The other day I attended an event where sales coach Mika D. Rubanovitsch @Rubanovitsch was talking about sales, marketing and customer behavior.
His key statement was that the buying behavior of customers is changing way faster than companies’ ability to create desirable offering.
This led me to a thinking process pondering what and why - and how to avoid such.
Who Drives the Offering?
Should we trash what we learnt in business school about strategically developing our offering to the focal point matching our core competency and the needs of our carefully selected customer segment(s)? Hitting the sweet spot produces such a compelling reason to buy that success follows automatically.

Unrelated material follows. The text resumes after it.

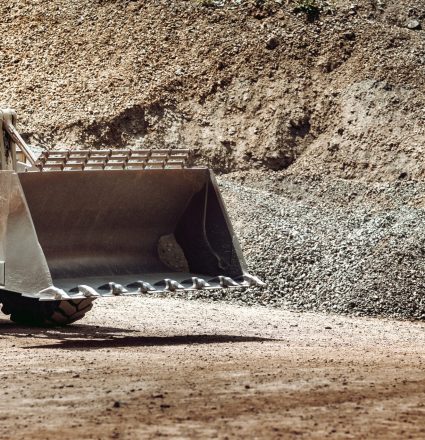 1 (2) heavy construction machinery in open pit ore mine - wheel loader transports gravel at sorting plant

I am convinced that customers of today still want to get the best solution to answer their needs. However, the criteria defining ‘best’ varies from person to person and from company to company.
Mass Customizing Answers to Variable Buyer Expectations
Oh, how the times have changed since T-Ford. Product companies are answering to individual customer needs by means of mass customization. In mass customization the actual production of delivered value can be kept to a large extent standard – but packaged so that customer is receiving a tailored product and brand. This modularity is very valid still and the more networked the business is the more important this capability remains.
Mass customization is also successfully used by service businesses. The services may be comprised of several service components and options. Some service businesses offer a simple assortment of tightly packaged services. Some master in offering flexible packages consisting of the exact components valued by each customer.
Pay-per-Use Also Answers to Changing Buying Behavior
All customers have their own perception as to what value they are receiving for their money. Customers also evaluate what is a suitable way to finance the products and services they source.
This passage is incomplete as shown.